L’esthétique d’Aristote est une esthétique cognitive qui mêle détermination et jugement, et qui défend la thèse que l’appréciation esthétique de la nature ouvre à une compréhension de ce qu’est la nature objective (en l’occurrence : de l’essentielle continuité entre la vie et la mort), et qu’elle prépare par là même le terrain des investigations scientifiques plus approfondies de cette nature objective en nous libérant des sentiments les plus violents qui pourraient nous empêcher d’effectuer certaines recherches.

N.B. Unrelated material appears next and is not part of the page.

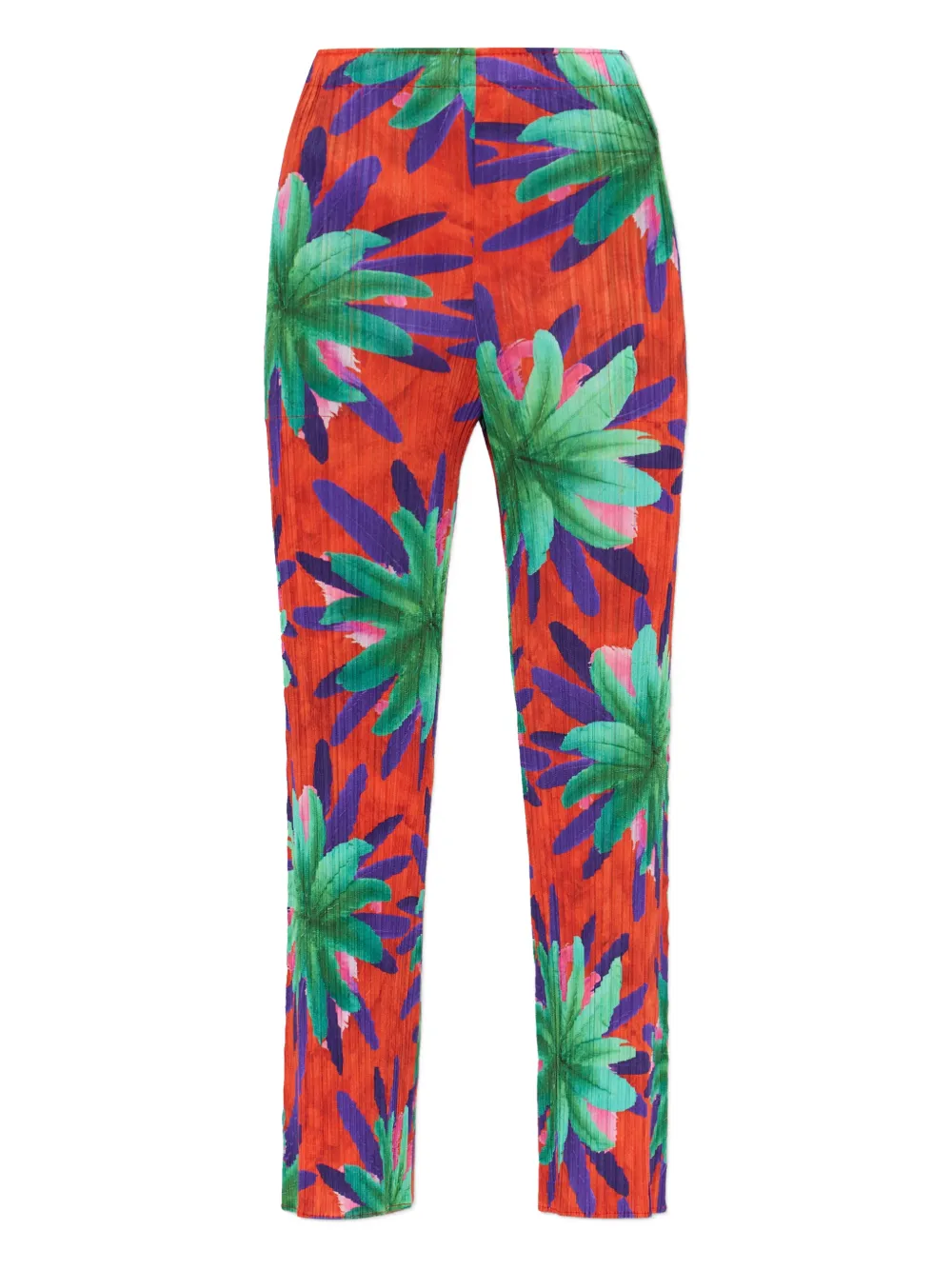 Pleats Please Issey Miyake Hose mit Blumen-Print | Rot | Image 1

Esthétique de la charogne se divise en deux parties. Alors que dans la première, copieusement illustrée, l’auteur se propose d’écrire une histoire de la représentation de la charogne, dans la seconde – très opportunément placée en son milieu – il se propose de discuter longuement et en détails le passage précis de la poétique d’Aristote où se trouve questionnée pour la première fois cette idée d’une représentation de la charogne.

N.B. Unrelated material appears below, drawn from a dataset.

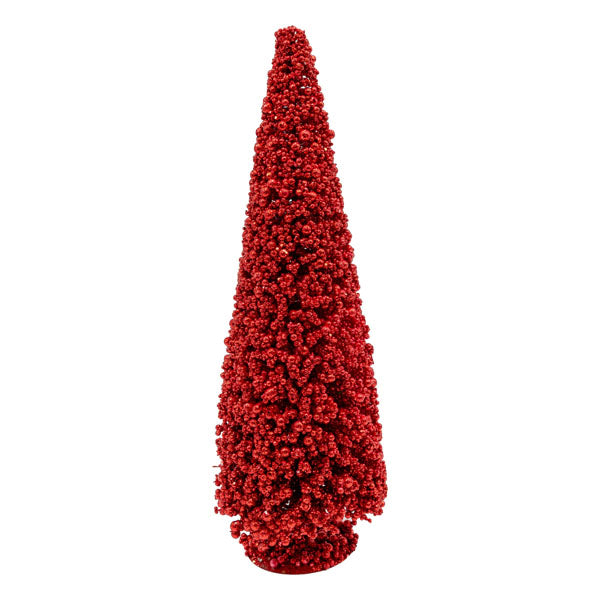 Med Red Table Top Tree - Seasonal Decor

Souvent les textes théoriques s’intéressant à ce qui dégoûte s’empêtrent dans leur sujet. Comme si la fascination qu’exerçait sur eux celui-ci, comme sur tous, les rendait incapable de dépasser cette fascination. D’un texte censé en sortir par l’analyse, il font alors bien souvent une occasion de s’y complaire.  Dans ce livre aussi rigoureux qu’inspirant, Hicham-Stéphane Afeissa réussit le pari de documenter scrupuleusement son objet, la représentation de la charogne, tout en en détaillant et les modes opératoires et les paradigmes conscients ou non sur lesquels ces modes reposent.

Le paradoxe est que le sentiment qu’éprouve le spectateur est bien celui du dégoût, et que ce sentiment, loin de bloquer toute appréciation esthétique de la représentation, la libère au contraire d’une certaine manière en procurant au sujet qui en fait l’expérience un savoir qu’en son absence il n’aurait jamais pu acquérir.

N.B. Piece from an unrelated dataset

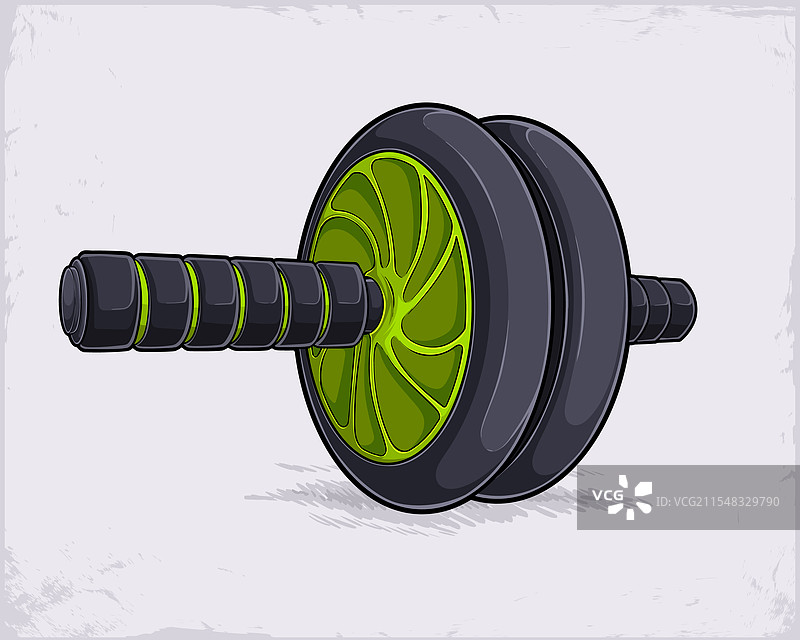 手绘的健身房腹肌轮图片素材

Ce n’est pas un hasard si c’est à partir des successeurs de Fragonard que la représentation du naturaliste semble venir dicter sa loi à celle de l’artiste. Ce n’est pas un simple détail esthétique qu’au fur et à mesure de l’histoire, l’on passe progressivement d’une représentation humide du cadavre putride à une représentation de la mort sèche sous les traits du squelette. Ce n’est pas anodin que de l’esthétique « utilitaire » du dégoût d’Aristote, on ait peu à peu glissé vers une expulsion kantienne du dégoût du domaine de l’art. Tout cela sous-tend des écologies, des manières de penser l’être qui ont chacune des particularités. Particularités qu’il appartient de détailler et d’explorer sous peine de rester sous le joug d’une fascination stérile pour le mortifère.

Seul l’art peut nous donner à voir ce que sont les chairs délaissées par la vie.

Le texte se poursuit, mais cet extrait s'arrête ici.